These particular flavor combinations are no longer as popular as they presumably were in ancient Rome. And, unfortunately for those who wish to try these unique foods, it would be impossible to find the exact ingredients that people used almost 2,000 years ago. While this may be disappointing to some, many modern egg dinner recipes also include tons of different flavors mixed together. The Portuguese Francesinha, for example, is a type of sandwich that combines eggs with ham, sausage, steak, cheese, and beer sauce. Additionally, Brazilian moqueca is a fish stew that can also include hardboiled eggs and many different kinds of vegetables.

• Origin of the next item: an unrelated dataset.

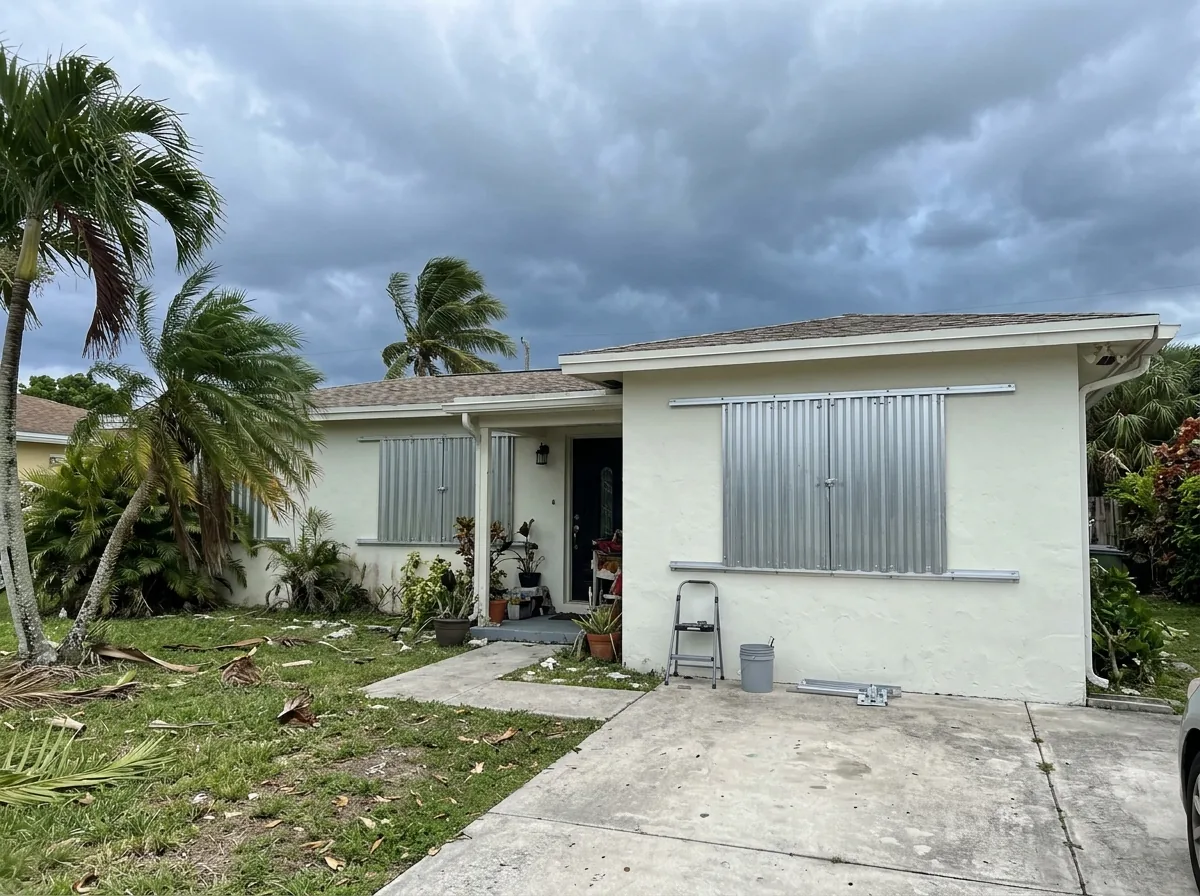 Corrugated aluminum storm panels bolted over the windows of a single-story stucco home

Semi-modern deviled eggs were invented in Spain in the 1200s

If ancient Roman deviled eggs sound wildly different from modern ones, it's because it took centuries for the current deviled egg recipe to evolve. The first recipe to resemble modern deviled eggs comes from a medieval Islamic-Spanish text that dates back to the 1200s. The document, known as the "Fadalat" (via Bucknell University), was written in Murcia by a Southern Spanish chef named Ibn Razin al-Tuyibi. While the document's medieval recipes are nearly impossible to follow, it does describe a notable meal called "stuffed eggs." This creation seems reminiscent of deviled eggs.

Per the "Fadalat," you can make stuffed eggs by halving some hardboiled eggs. Just as in the modern deviled egg recipe, al-Tuyibi's recipe calls for the chef to remove the cooked egg yolks and mix them with a number of spices. In the case of the medieval meal, these spices could include wintery spices like ginger, cinnamon, and cloves. Other unique, 13th-century yolk-flavoring ideas involve "green" ingredients like mastic, cilantro, and mint water. Although al-Tuyib never mentions the spices' proportions, you can make a modern version of this old recipe by adding green dill to your deviled eggs. Although some of the flavors in this 13th-century creation are different from deviled eggs, the two meals have one major thing in common: The medieval Spanish recipe recommends adding the yolk and spice mixture back into the boiled egg whites, just like people do today.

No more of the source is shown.